This alliance comes on the heels of months of controversy and backlash surrounding the embattled beer brand, which reached its zenith earlier this year.

The world’s premier mixed martial arts organization revealed its collaboration with the beer giant on Tuesday, indicating that Bud Light will play a prominent role in UFC’s broadcasts and online content starting from the year 2024.

UFC CEO Dana White expressed his enthusiasm for the partnership, stating, “Anheuser-Busch and Bud Light were UFC’s original beer sponsors more than fifteen years ago. I’m proud to announce we are back in business together. There are many reasons why I chose to go with Anheuser-Busch and Bud Light, most importantly because I feel we are very aligned when it comes to our core values and what the UFC brand stands for. I’m looking forward to all of the incredible things we will do in the years ahead.”

Anheuser-Busch CEO Brendan Whitworth also chimed in, saying, “Anheuser-Busch and Bud Light have always been on the cutting edge of iconic sporting moments that fans remember forever, and reuniting with UFC is a continuation of this industry-leading legacy. As one of the largest and longest-standing sport sponsors, we are excited to work with UFC to celebrate our passionate fans while always making a positive impact in communities across America.”

Beer partner

Anheuser-Busch will be replacing Modelo as the UFC’s official beer partner, signaling a new era for the organization.

Dana White, during an appearance on “The Sean Hannity Show,” emphasized that his decision to partner with Anheuser-Busch was not driven by monetary considerations. He stated, “These guys employ 65,000 Americans, thousands of vets they employ. They spend over $700 million a year with US farmers, you know, buying their crops for their product. And there’s many, many other reasons that I did this. Where I sit personally with my core values, and I felt like the core values of the UFC, even though we’re a global sport, and we have fighters from all over the world. This is an American company. And I love this country, and this is more about me being aligned with somebody who is a sponsor of the UFC and somebody I’m going to work with every day.”

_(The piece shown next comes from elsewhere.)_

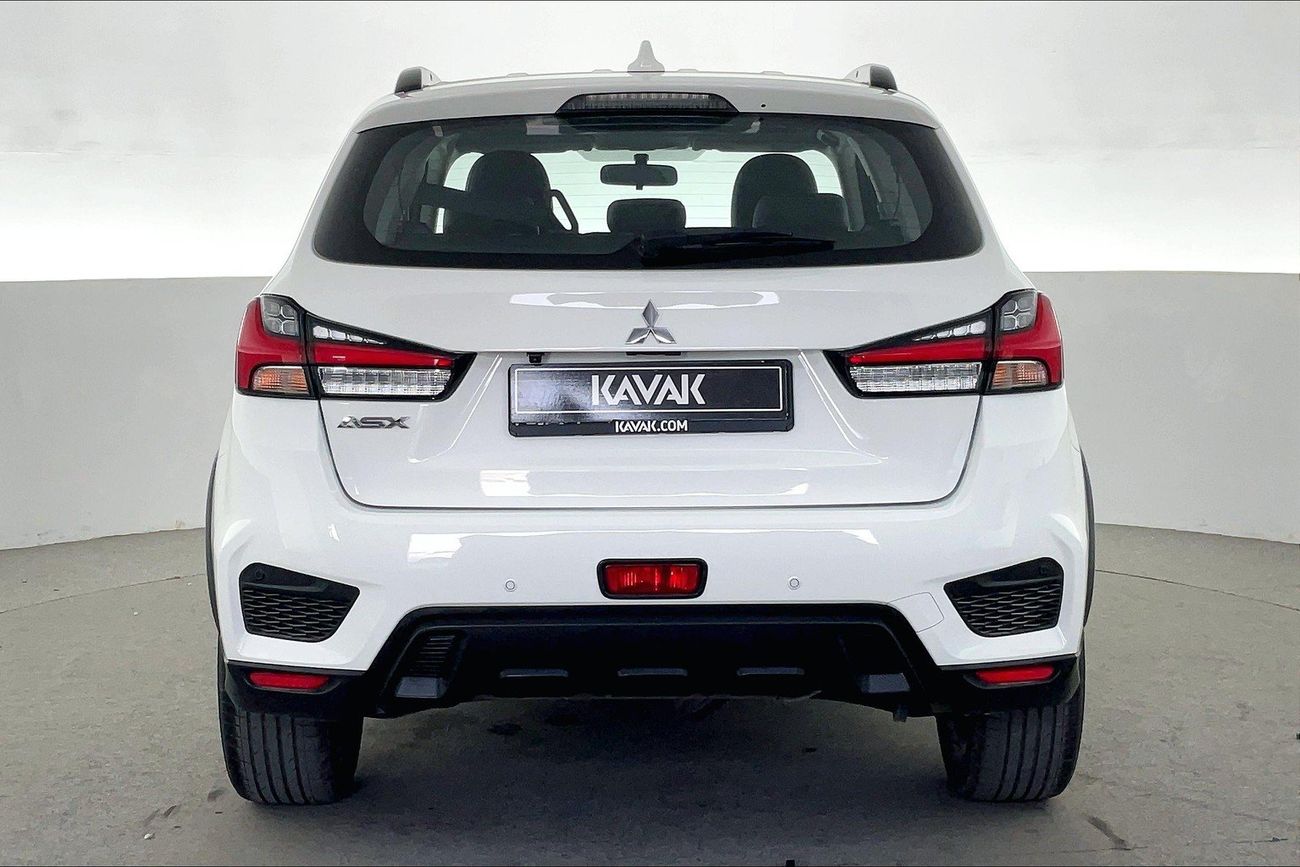 ميتسوبيشي ASX GLS Highline | شامل الضمان | 0 ﺪﻔﻋﺓ ﺃﻮﻟﻯ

The controversy that has engulfed Bud Light stems from a partnership with transgender activist Dylan Mulvaney for an Instagram ad about March Madness last spring. This collaboration triggered a significant decline in sales for several months. Anheuser-Busch blamed a third-party marketer for sending the transgender influencer a can of Bud Light featuring an image of Mulvaney, which she promoted to her millions of social media followers on April 1.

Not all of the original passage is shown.